François Coulin a également recommandé aux entreprises qui réalisent des transactions commerciales à l’international de réfléchir aux démarches amiables ou judiciaires nécessaires en cas de litige. « Si en dernier ressort on va au tribunal, il y a deux solutions, on gagnera ou on perdra », a prévenu François Coulin.
« Quand est-ce qu’il faut aller au judiciaire en cas d’impayés ? », a alors interrogé Christine Gilguy qui animait le débat. « Il ne faut jamais aller au judiciaire, a affirmé François Coulin, car on ne gagnera pas plus ». Eva Sebban était sur la même ligne, estimant pour sa part que « la procédure judiciaire doit rester le moyen le plus efficace contre les débiteurs récalcitrants dans les situations extrêmes ». Si après plusieurs relances, le retard se transforme en impayé, alors la menace de saisir la justice reste un moyen pour faire pression sur son débiteur.

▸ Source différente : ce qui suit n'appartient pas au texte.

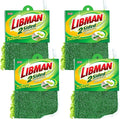 2-Sided Microfiber Mop Refill Case of 4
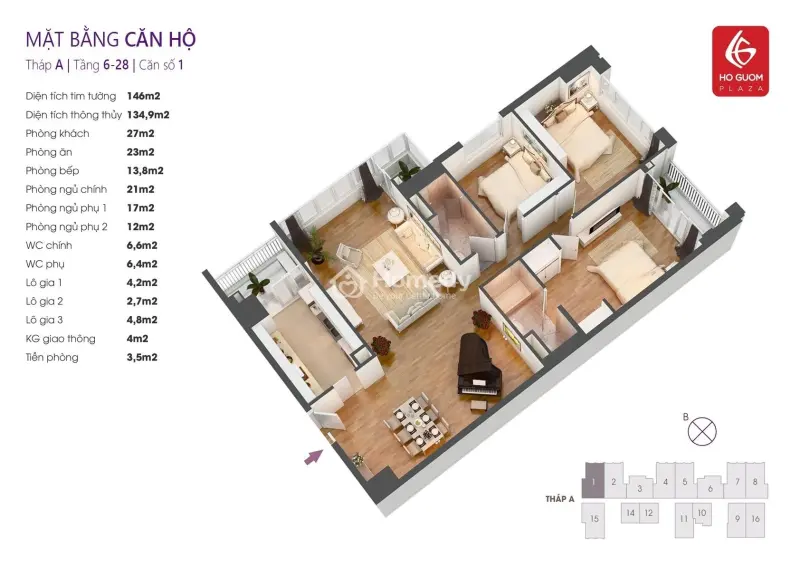 Mở Bán 34 Tr/M2 Dự Án Hồ Gươm Plaza Đóng 30% Nhận Nhà Ở Luôn, Chiết Khấu 7% Tặng Nội Thất 400 Triệu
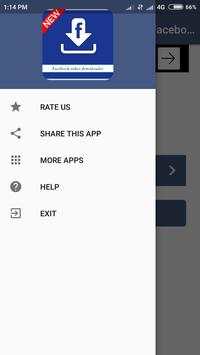 Instant hd video downloader for facebook screenshot 1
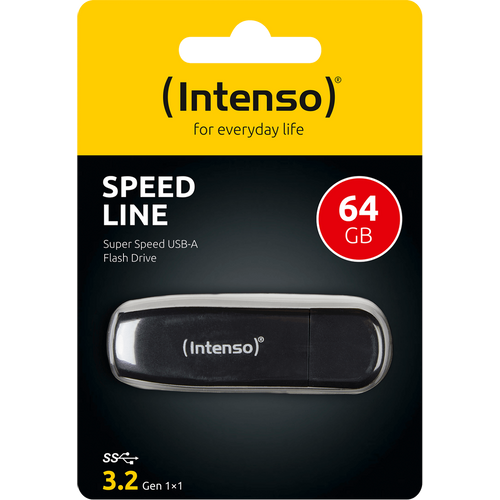(Intenso) USB Flash drive 64GB Hi-Speed USB 3.2, SPEED Line - USB3.2-64GB/Speed Line slika 1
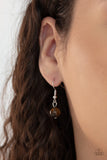 Tranquil Talisman - Brown Necklace - Paparazzi Accessories Necklace Bedazzle Me Pretty Mobile Fashion Boutique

Dans ce cas, le créancier devra adapter ses opérations de recouvrement de créances étrangères au contexte local. Il devra opter pour les modalités de recouvrement les plus adaptées aux particularités juridiques du pays de son débiteur. « Je ne pense pas que l’on (le créancier) puisse faire l’économie des procédures judiciaires car on (il) perdrait de notre (sa) crédibilité », a conclu Eva Sebban.